• _What you need to do_:
Below are several records. Retype exactly those lines running from the one with "A lookout tower sits at the top of a hill." through the one with "Vivid turquoise thermal", end lines included, and no others.

• _Records shown_:
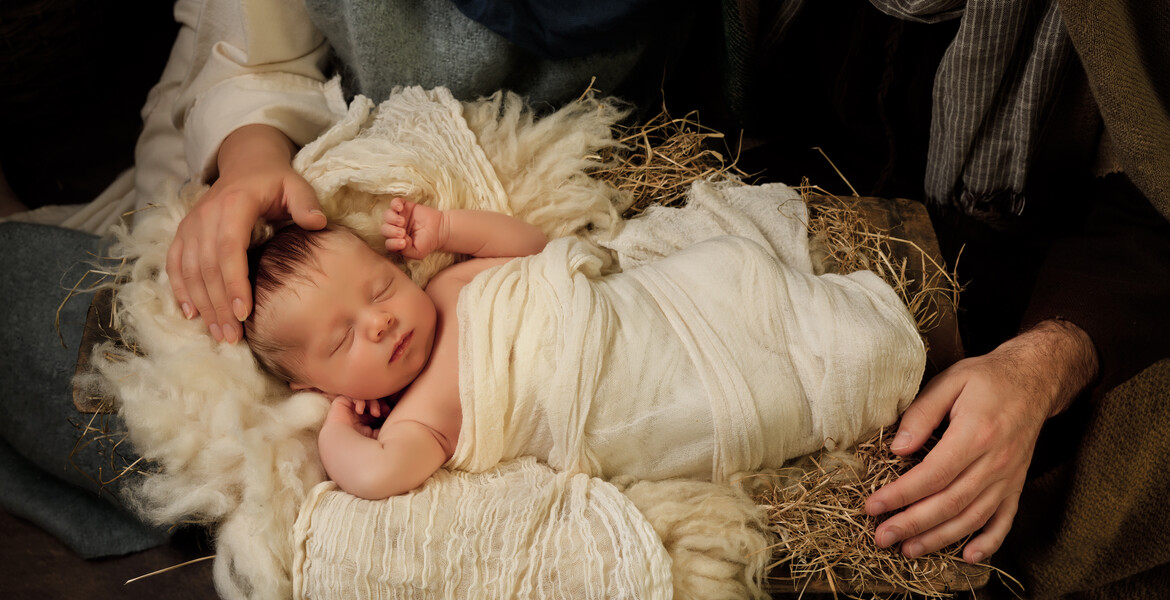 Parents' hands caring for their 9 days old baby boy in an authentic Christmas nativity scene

--

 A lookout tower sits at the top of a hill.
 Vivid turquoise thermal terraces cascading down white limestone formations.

• _Task solution_:
 A lookout tower sits at the top of a hill.
 Vivid turquoise thermal terraces cascading down white limestone formations.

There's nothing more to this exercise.